Chapter 47

CHAPTER FORTY-SEVEN

ROWEN

Their guests had gone to bed. Rowen smoked a pipe with his cousin in his study, and the two of them enjoyed the silence of the house but for the flames crackling in the hearth.

Horses’ hooves beat over the drive, and the hairs on the back of Rowen’s neck stood to attention.

He listened to the familiar sounds of a servant retrieving a letter from the doorway and their hurried footsteps to his door.

He exhaled a thick plume of smoke and closed his eyes.

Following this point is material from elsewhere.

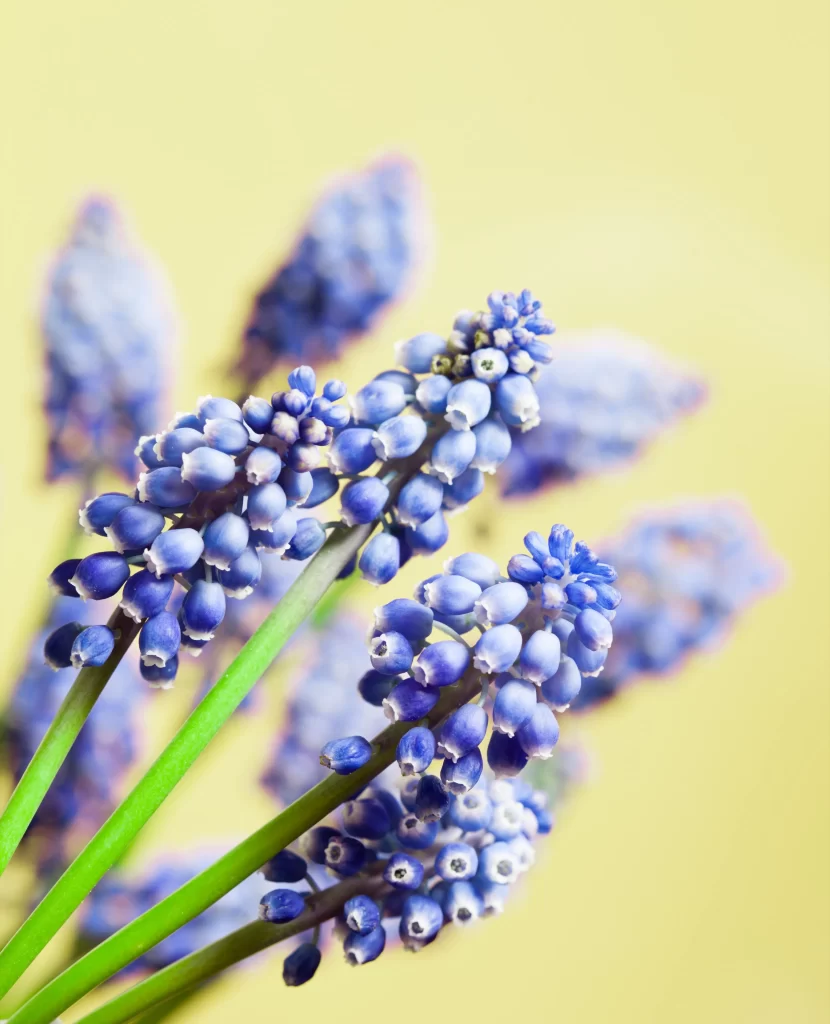 Blue Hyacinth Cluster Petals Green gray Stems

The knock came. The door opened.

“Your Grace…”

Rowen held out his hand, and Morgan brought him the letter. He waited as the Duke unsealed the missive and read.

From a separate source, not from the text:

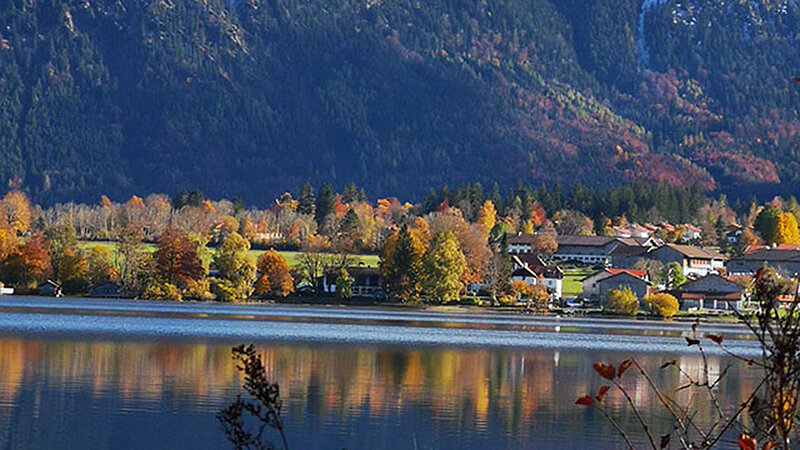 Ein ruhiger See vor den Bergen. Zwischen See und Berg liegen eine Handvoll Häuser. Bunt belaubte Bäume wachsen ebenfalls am Rand des Sees. Im Vordergrund ist Gestrüpp zu sehen, welches den Blick auf einen Teil des Sees beeinträchtigt.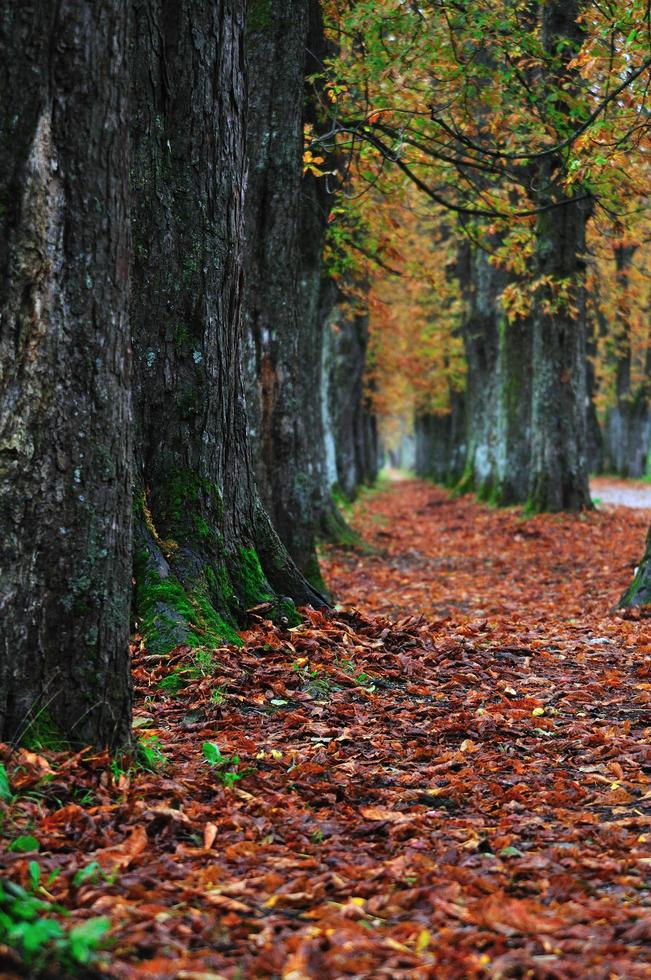 lungo vicolo a autunno autunno sesson foto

The gentleman was seen in Weymouth with a foreigner. Arrived by ship from Jersey. Have secured passage to London. Travelling together.

Enggers had returned and had brought Alastair with him.

And undoubtedly Alastair would shortly make himself known.

His timing, as ever, damnably well chosen.

Rowen clenched his jaw. His heavy gaze met Morgan’s, and he lifted his chin.

Understanding his charge, Morgan bowed his head and left the study.

“Shall I leave you to it?” Edmund put his empty brandy glass on the table.

“No, stay.” Rowen folded up the letter and crossed to the hearth, where he tossed it in the fire. A gust of wind howled through the chimney, pressured the window glass.

Rowen poured himself another brandy and refilled Edmund’s glass.

“Hopefully this weather shall pass by morning, eh?” Edmund stretching his legs by the fire. “It’s a short walk to the chapel, but I wouldn’t want the child to catch cold.”

Rowen crossed to the window and pulled back the curtain a few inches.

As he drank, a glow in the distance caught his eye.

More lanterns than usual were positioned at specific points on the property.

Morgan’s trained men were all over the estate.

Extra men at the drive approach, the doors, the servants’ entrance.

The chapel. Hawk’s Crown. A changing patrol along the borders.

Iron in the shadows, he thought. He turned back to his cousin. “All will be well, Edmund.”

Edmund rose. “I shall retire. Tomorrow will be a full day.”

“Quite right.” Rowen drained his glass and, grabbing a taper, led his cousin through the hall and up the staircase to their bedchambers.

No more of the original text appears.